How Kansas high school journalists exposed a principal’s puffed-up resume

By now, you’ve probably read about the teenage David Fahrentholds in Kansas who published a report Friday about their recently hired principal, whose credentials raised questions. Well, I had a front-row seat to the reporting process, and I’m excited to share some of what I saw.

The basic story: Student journalists at Pittsburg High School had budgeted a piece about their incoming principal, Amy Robertson, to introduce her to the PHS community. When they tried to verify claims she had made about her education and professional experience, however, the students hit a wall. Then another. And another.

The claims didn’t check out.

Ultimately, the students produced a 1,600-word story that peeled back, layer by layer, Robertson’s resume. They called government offices, dredged databases, interviewed people, and conducted international conference calls—all while some district officials, including the superintendent, stood by the principal.

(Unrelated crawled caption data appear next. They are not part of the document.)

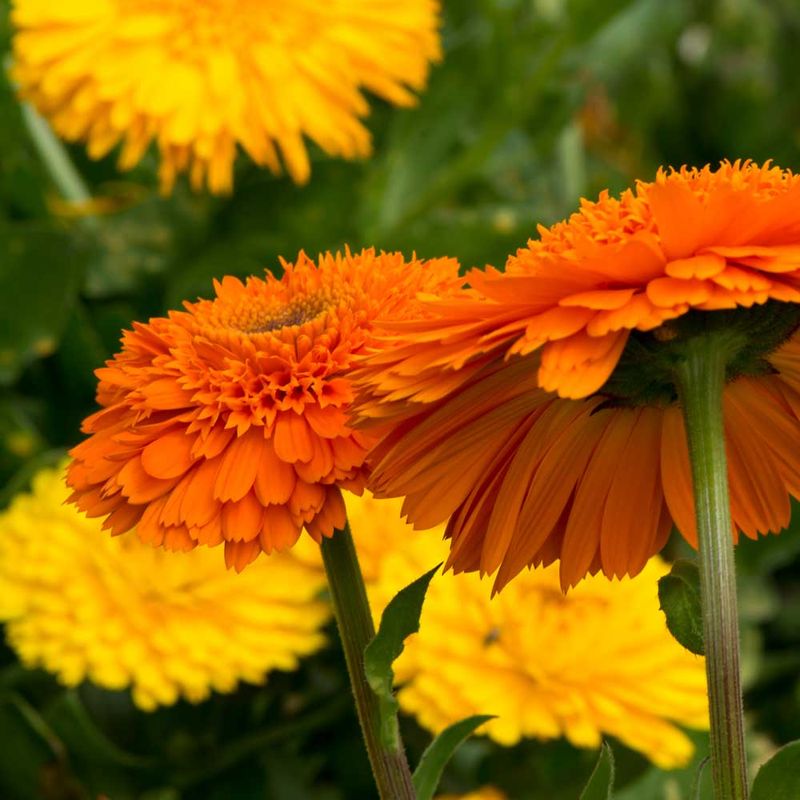 Calendulas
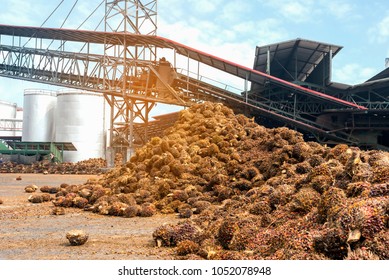 Close Up Image Of Red Fresh Fruit Bunch Ripe Palm Fruit From Agriculture Plantation, Raw Material For Palm Oil Industry To Be Commodity,cooking Oil,vegetable Oil,fuel And Energy.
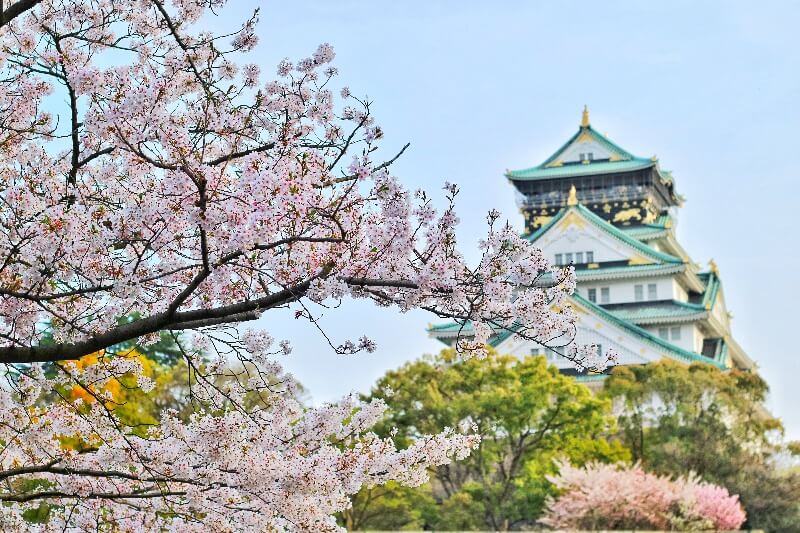 Osaka Cherry Blossom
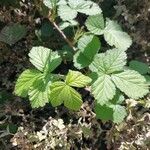 Rubus camptostachys 葉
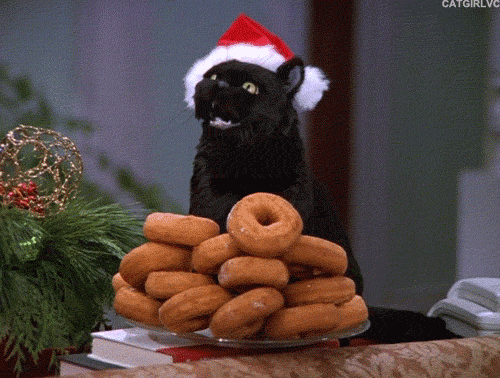 圣诞 节日  猫 甜甜圈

State papers followed up on the students’ reporting, and by Tuesday night Robertson had resigned. The local board of education issued a brief statement saying she felt it was in the district’s “best interest” because of “the issues that arose.”

So how did I have a front-row seat? When I’m not writing for CJR, I’m a journalism professor at the University of Kansas, home of the Kansas Scholastic Press Association. Its director, Eric Thomas, called me March 14 to tell me about a story he was working on with student journalists for the PHS paper, The Booster Redux.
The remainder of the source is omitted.